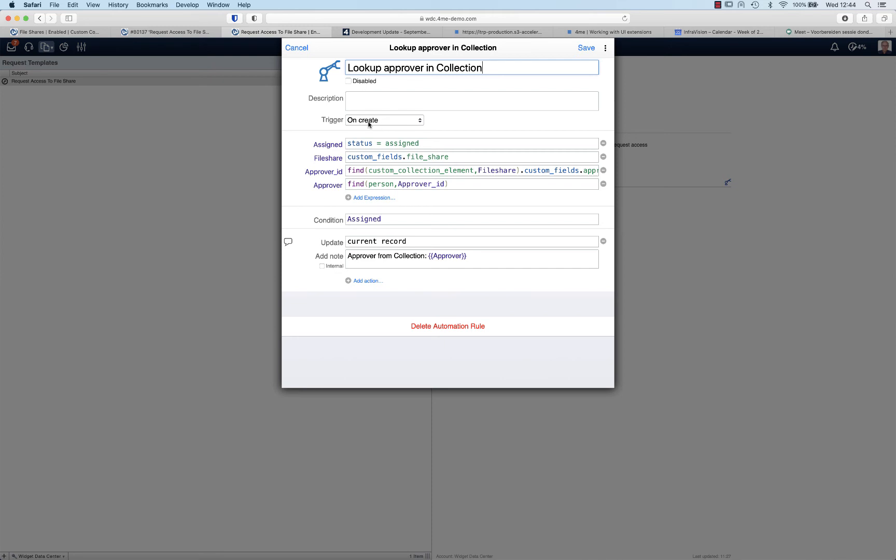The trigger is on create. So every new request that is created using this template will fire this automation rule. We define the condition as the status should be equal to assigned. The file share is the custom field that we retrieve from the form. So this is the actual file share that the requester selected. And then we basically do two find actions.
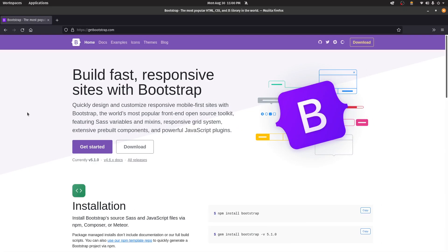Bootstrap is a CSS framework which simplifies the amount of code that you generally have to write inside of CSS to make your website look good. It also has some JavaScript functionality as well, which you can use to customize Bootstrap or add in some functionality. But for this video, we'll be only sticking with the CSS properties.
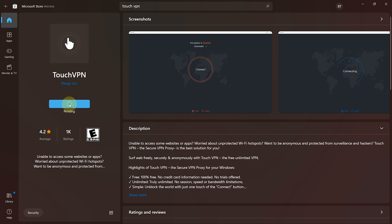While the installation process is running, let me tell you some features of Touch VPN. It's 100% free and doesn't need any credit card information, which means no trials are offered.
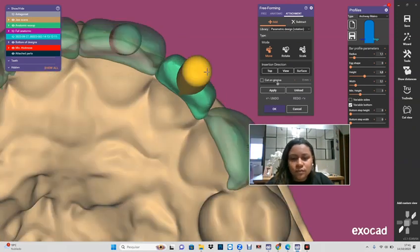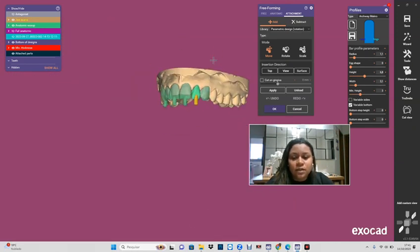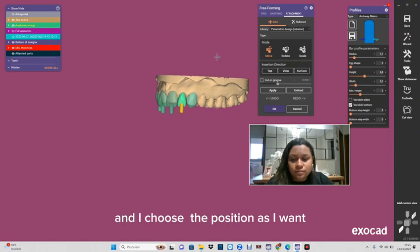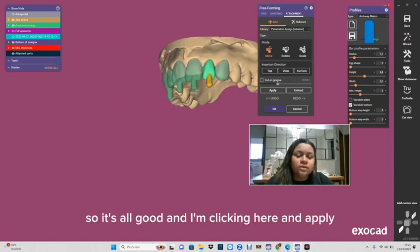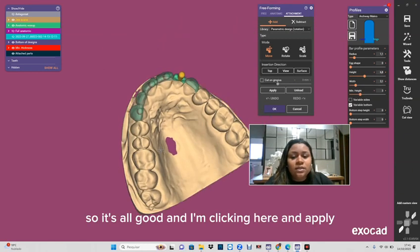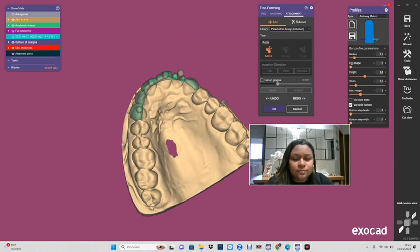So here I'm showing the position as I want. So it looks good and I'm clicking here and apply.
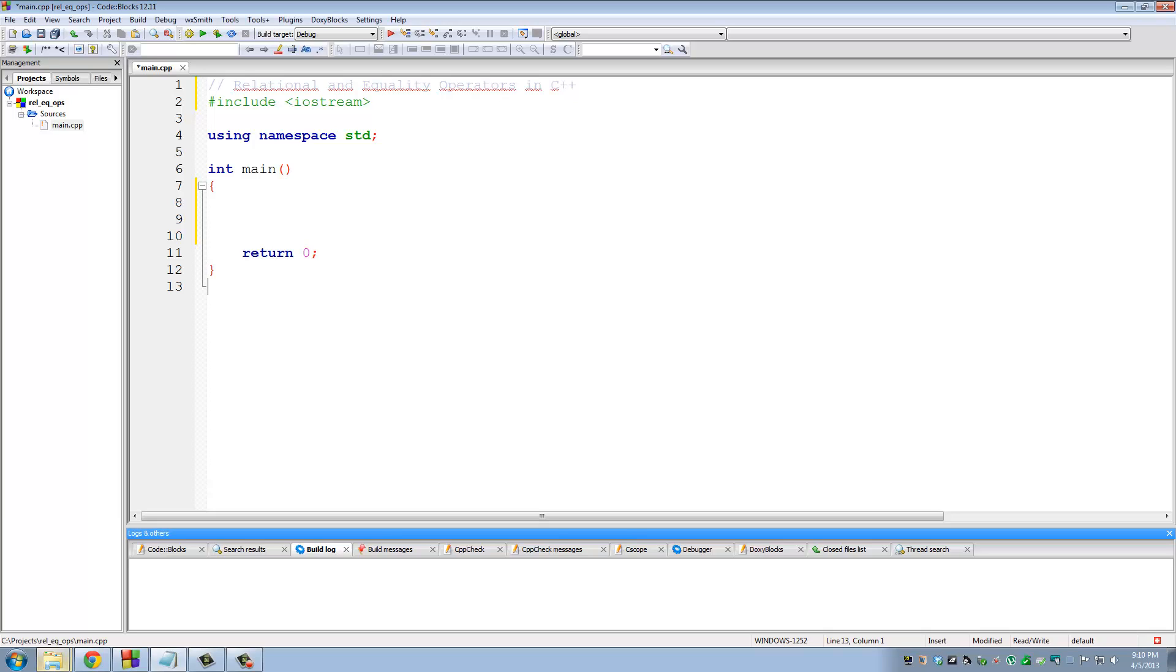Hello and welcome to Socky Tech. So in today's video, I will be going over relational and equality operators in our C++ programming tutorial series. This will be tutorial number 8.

========

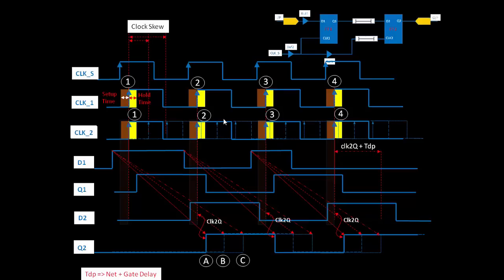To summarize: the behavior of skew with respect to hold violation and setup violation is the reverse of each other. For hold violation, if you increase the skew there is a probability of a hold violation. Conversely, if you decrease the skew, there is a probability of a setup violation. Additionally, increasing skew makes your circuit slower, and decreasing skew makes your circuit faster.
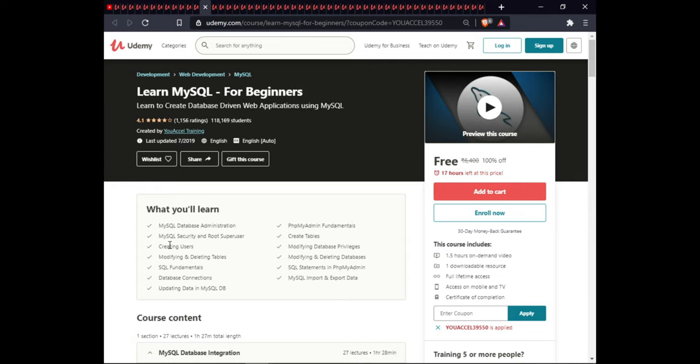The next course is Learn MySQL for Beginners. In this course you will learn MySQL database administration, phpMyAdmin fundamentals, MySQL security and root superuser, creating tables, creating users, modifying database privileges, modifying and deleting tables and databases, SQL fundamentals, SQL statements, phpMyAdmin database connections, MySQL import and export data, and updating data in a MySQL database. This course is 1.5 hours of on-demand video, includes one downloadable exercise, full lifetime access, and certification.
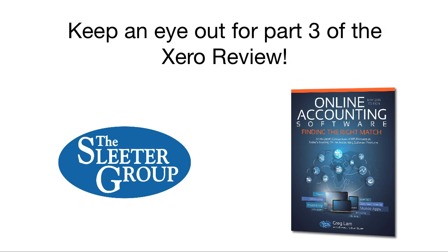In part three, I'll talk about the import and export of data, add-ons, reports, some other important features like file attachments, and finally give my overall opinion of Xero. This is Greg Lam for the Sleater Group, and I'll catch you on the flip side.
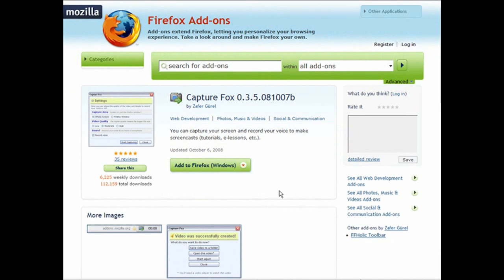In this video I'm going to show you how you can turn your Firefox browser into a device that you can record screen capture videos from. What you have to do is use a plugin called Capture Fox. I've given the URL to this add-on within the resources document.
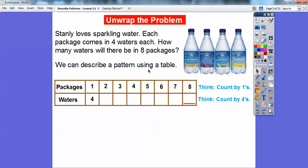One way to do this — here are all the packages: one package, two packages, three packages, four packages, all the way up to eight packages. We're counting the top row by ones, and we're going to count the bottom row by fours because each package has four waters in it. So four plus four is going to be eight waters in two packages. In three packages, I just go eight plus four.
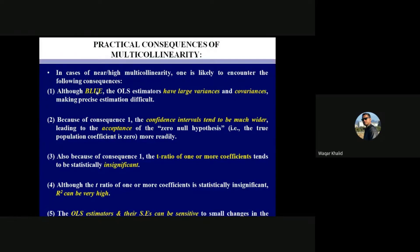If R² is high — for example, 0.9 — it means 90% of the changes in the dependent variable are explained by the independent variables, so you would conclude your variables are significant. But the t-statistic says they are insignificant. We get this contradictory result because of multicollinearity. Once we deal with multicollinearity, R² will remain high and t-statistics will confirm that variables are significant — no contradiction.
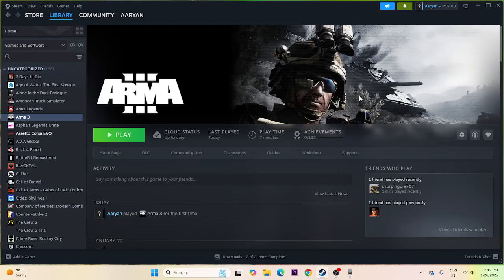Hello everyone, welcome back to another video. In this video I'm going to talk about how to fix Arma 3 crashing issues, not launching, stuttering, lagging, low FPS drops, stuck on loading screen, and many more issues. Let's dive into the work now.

========

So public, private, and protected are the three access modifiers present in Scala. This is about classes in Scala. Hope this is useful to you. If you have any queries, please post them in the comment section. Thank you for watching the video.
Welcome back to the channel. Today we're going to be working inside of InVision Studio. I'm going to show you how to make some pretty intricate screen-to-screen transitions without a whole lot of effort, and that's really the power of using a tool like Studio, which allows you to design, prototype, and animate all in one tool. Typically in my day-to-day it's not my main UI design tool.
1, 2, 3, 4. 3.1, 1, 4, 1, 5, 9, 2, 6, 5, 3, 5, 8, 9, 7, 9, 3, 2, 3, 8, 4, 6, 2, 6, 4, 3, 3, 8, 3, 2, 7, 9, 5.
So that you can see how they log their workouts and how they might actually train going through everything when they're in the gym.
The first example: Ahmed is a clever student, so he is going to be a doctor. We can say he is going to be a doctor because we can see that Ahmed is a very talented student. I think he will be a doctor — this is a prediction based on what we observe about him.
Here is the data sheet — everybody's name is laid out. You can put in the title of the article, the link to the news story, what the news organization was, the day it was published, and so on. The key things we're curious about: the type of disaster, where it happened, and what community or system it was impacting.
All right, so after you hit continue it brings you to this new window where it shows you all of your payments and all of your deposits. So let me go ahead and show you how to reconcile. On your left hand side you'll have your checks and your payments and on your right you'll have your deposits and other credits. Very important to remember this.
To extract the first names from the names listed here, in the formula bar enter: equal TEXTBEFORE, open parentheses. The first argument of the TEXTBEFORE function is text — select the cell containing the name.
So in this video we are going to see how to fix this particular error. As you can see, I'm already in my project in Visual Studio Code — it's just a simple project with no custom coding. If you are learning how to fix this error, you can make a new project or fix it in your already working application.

========

_Instructions to follow_:
Above are records with pictures. Reproduce exactly only the lines from the line with "The trigger is" through the line with "Bootstrap is a", both ends included, and leave the pictures out.

_Written response_:
The trigger is on create. So every new request that is created using this template will fire this automation rule. We define the condition as the status should be equal to assigned. The file share is the custom field that we retrieve from the form. So this is the actual file share that the requester selected. And then we basically do two find actions.
Bootstrap is a CSS framework which simplifies the amount of code that you generally have to write inside of CSS to make your website look good. It also has some JavaScript functionality as well, which you can use to customize Bootstrap or add in some functionality. But for this video, we'll be only sticking with the CSS properties.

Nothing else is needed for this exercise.